Thomas carries a personal sense of loss over the Columbine shootings. His two grown children attended Columbine High School, and two of his staff members lost family members in the massacre. Thomas had to walk into the carnage in the school library to help identify the grandchild of one of his office investigators.
"I have spent 26 years in the law enforcement profession, and I have never experienced anything like this," said Thomas, who is also a district attorney adviser on the Jon Benet Ramsey murder case in which a young beauty pageant winner was found dead in her home.
He called the school shootings here one of the single most tragic events in the nation's history and said it was a serious commentary on American society.

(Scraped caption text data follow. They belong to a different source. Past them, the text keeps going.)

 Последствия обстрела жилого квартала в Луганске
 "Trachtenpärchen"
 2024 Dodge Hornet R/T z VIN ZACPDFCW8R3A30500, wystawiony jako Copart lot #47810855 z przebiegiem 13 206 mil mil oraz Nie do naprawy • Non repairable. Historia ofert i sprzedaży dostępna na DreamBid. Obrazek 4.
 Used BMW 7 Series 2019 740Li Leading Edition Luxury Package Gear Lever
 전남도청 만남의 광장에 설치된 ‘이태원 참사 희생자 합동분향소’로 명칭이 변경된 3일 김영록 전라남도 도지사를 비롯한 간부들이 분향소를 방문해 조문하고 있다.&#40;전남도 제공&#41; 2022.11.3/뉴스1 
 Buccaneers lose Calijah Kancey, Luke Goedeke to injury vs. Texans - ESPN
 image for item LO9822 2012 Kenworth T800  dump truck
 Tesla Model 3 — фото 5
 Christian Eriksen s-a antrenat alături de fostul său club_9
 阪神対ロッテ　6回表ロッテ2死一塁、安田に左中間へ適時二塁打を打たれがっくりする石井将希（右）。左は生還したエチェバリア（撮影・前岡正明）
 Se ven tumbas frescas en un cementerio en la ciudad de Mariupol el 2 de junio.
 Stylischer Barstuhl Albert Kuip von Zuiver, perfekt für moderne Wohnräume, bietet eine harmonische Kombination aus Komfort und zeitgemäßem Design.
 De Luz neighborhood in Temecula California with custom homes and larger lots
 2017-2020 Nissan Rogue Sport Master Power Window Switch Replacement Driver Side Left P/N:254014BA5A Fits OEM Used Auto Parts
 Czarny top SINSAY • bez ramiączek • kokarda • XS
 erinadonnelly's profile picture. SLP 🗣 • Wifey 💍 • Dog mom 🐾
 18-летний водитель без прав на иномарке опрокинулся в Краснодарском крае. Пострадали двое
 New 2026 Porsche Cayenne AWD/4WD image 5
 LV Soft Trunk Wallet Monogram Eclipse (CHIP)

Thomas said he's been asking the same questions others, particularly parents, have been asking about factors that may have contributed to or bolstered the shooters' violent tendencies.
"What I think it's about is cultural change, frankly, and I think it's a huge problem."
He said he was talking about a percentage of young people, however small, who can commit violent acts without any empathy, without any feeling.
"And I've seen some of these kids who can talk about blowing somebody's head off without any feeling of what that means. That's the kind of cultural change I'm talking about," Thomas said.
"Somehow we've allowed to grow within our communities some people without feelings, with the ability to go into a school and literally plan to destroy the entire building. I don't know if that's difficult for you to grasp. That's very difficult for me to grasp."
He asked for cooperation from the nation's news media, and called for a locally generated cooperative effort between Littleton and other communities which have been rocked by school shootings to research solutions to school violence.